O projeto elaborado pelo educador é voltado para os alunos do 2º ano do ensino médio e tem duração prevista para pelo menos três aulas, uma vez que entre a primeira e a segunda aula é preciso ter uma passagem de tempo. Confira a sequência de aulas do plano criado por Nahas:

1ª Aula

O primeiro passo do projeto consiste em dividir a turma em dois grandes grupos. Cada metade da sala irá plantar hortênsias em solos diferentes: um grupo plantará a flor em um solo rico em sulfato de alumínio, enquanto o outro plantará em um solo rico em carbonato de cálcio.

Após o plantio, “os alunos deverão, por meio de pesquisa, formular hipóteses das possíveis diferenças que ocorrerão nas plantas dos dois grupos. Inicialmente, o professor, como mediador das discussões, deverá questionar os alunos sobre a principal diferença existente entre os dois sais, que poderá gerar plantas diferentes”, orienta o professor de Química.

2ª Aula

Entre a primeira e a segunda aula, é necessário esperar certo tempo, pois a flor leva cerca de 60 dias para enraizar e só começa a florescer na primavera (logo, o melhor período para realizar o plantio é o inverno).

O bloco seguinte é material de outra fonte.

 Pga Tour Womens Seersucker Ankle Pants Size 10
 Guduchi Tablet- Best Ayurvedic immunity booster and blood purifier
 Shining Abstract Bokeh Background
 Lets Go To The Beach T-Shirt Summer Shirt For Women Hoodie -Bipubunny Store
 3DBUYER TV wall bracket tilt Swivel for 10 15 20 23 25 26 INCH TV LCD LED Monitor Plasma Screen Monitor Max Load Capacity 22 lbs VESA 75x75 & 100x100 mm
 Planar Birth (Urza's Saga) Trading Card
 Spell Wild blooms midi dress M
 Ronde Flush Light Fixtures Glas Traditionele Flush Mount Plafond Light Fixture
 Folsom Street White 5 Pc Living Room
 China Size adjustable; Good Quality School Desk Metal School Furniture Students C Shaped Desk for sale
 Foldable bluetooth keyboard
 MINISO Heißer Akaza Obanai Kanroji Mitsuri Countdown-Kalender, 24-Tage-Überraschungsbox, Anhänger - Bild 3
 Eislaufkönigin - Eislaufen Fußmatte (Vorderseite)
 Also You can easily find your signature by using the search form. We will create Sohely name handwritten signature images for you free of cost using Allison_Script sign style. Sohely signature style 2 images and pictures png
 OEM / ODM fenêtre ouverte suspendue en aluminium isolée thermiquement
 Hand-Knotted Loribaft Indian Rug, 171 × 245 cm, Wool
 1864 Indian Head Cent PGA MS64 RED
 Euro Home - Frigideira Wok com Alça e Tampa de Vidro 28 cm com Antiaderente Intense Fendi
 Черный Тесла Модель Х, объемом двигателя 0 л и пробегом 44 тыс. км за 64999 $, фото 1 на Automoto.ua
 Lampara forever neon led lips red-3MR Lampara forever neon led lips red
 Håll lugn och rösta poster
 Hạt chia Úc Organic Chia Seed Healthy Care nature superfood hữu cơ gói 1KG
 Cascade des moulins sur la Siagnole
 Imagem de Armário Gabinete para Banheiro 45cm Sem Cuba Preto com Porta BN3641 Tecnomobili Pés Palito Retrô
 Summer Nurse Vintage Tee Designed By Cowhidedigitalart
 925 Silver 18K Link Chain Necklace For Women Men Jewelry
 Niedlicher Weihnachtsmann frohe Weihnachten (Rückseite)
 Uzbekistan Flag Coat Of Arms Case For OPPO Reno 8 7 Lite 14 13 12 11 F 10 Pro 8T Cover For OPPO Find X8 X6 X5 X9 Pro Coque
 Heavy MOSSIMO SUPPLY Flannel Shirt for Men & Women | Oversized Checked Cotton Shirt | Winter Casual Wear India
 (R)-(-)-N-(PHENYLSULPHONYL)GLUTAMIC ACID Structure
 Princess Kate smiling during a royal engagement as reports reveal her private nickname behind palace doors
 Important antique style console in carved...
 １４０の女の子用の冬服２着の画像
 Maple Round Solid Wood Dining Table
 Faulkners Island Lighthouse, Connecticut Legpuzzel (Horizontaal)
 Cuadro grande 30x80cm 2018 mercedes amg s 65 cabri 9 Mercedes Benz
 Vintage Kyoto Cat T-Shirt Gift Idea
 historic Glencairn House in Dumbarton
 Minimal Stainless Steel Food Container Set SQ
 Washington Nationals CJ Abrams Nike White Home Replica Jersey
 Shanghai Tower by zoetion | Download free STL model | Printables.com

Depois do surgimento das primeiras flores, os alunos deverão observar as diferentes colorações obtidas e, em seguida, realizar uma série de testes químicos com as plantas, de modo a tentar descobrir o motivo e a origem das distintas cores. “Para isso, em um laboratório, terão disponíveis soluções de ácido clorídrico e hidróxido de sódio, carbonato de cálcio e sulfato de alumínio sólidos e indicadores ácido-base, como fenolftaleína e papel de tornassol. Os alunos deverão realizar testes dos materiais disponíveis e utilizar os resultados obtidos nos experimentos para elaborarem a conclusão do projeto”, esclarece Nahas.

3ª Aula

Na terceira e conclusiva aula, os estudantes deverão apresentar os resultados obtidos ao longo dos testes e das experimentações anteriores, por meio de uma matéria jornalística, que pode ser para qualquer meio de comunicação: jornal impresso, revista científica, programa de televisão, de rádio etc. “Os principais questionamentos envolvidos [na atividade de conclusão do projeto] deverão ser: a diferença existente entre o carbonato de cálcio e o sulfato de alumínio, que proporciona as diferentes cores das hortênsias; as reações químicas e os equilíbrios envolvidos nesse projeto; e outros tipos de substâncias que poderiam ser utilizadas e que teriam resultados semelhantes aos encontrados na utilização de carbonato de cálcio e sulfato de alumínio”, elenca o professor.